New U.S. hedging disclosure rules
New U.S. hedging disclosure rules became effective for fiscal years beginning July 1, 2019. Previously, U.S. executive compensation disclosure rules required disclosure in the compensation discussion and analysis of material compensation policies. Policies respecting hedging of risks relating to the ownership of securities received as compensation are cited as an example of a potentially material compensation policy. In the upcoming year, companies subject to U.S. proxy circular disclosure rules also will be required to provide a fair and accurate summary of their practices or policies regarding hedging transactions relating to securities of the company, its parent and any subsidiary of the company or its parent, including the persons covered and the types of hedging transactions which are restricted or permitted.
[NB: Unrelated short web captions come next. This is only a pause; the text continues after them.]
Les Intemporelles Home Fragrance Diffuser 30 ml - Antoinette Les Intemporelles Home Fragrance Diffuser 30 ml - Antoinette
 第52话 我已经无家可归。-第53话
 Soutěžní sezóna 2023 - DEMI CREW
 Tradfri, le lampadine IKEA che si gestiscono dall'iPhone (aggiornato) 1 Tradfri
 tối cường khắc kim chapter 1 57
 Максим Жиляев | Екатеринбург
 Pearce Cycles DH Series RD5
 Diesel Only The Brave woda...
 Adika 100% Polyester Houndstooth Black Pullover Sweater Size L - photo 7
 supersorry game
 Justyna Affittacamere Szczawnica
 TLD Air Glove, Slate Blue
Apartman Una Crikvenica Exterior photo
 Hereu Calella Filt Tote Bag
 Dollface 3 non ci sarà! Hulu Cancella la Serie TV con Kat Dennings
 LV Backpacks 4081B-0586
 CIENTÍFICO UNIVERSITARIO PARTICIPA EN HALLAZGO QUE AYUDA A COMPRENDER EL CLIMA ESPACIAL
The SEC chose not to define the meaning of “hedge,” preferring to leave it to companies to provide disclosure with respect to any arrangement which may limit or offset a decline in the value of securities.
Under Canadian executive compensation disclosure rules, companies are required to disclose whether or not named executive officers (generally, the CEO, CFO and next three highest paid executive officers) or directors are permitted to purchase financial instruments for purposes of hedging risks associated with ownership of equity securities held, whether or not granted as compensation. In making their recommendations on a say-on-pay vote, ISS and Glass Lewis consider the adequacy of the company’s disclosure regarding its compensation risk management practices, including anti-hedging policies. Although Canadian companies which are foreign private issuers under U.S. securities laws are not subject to the new U.S. disclosure requirement, they may wish to consider whether to modify their approach to hedging in light of the increased disclosure now being provided by companies subject to U.S. proxy circular disclosure rules.
Automatic securities disposition plans under review in Canada
In October, the Canadian Securities Administrators announced that automatic securities disposition plans (ASDPs) are under review. ASDPs allow insiders to sell securities of an issuer through an arm’s length administrator pursuant to predetermined instructions. While provincial and territorial securities laws provide an insider trading defence for trades made under ASDPs, there is currently no national framework governing ASDPs.
Companies will need to be ready to respond as the legislative and regulatory changes initiated in 2019 start to come into effect.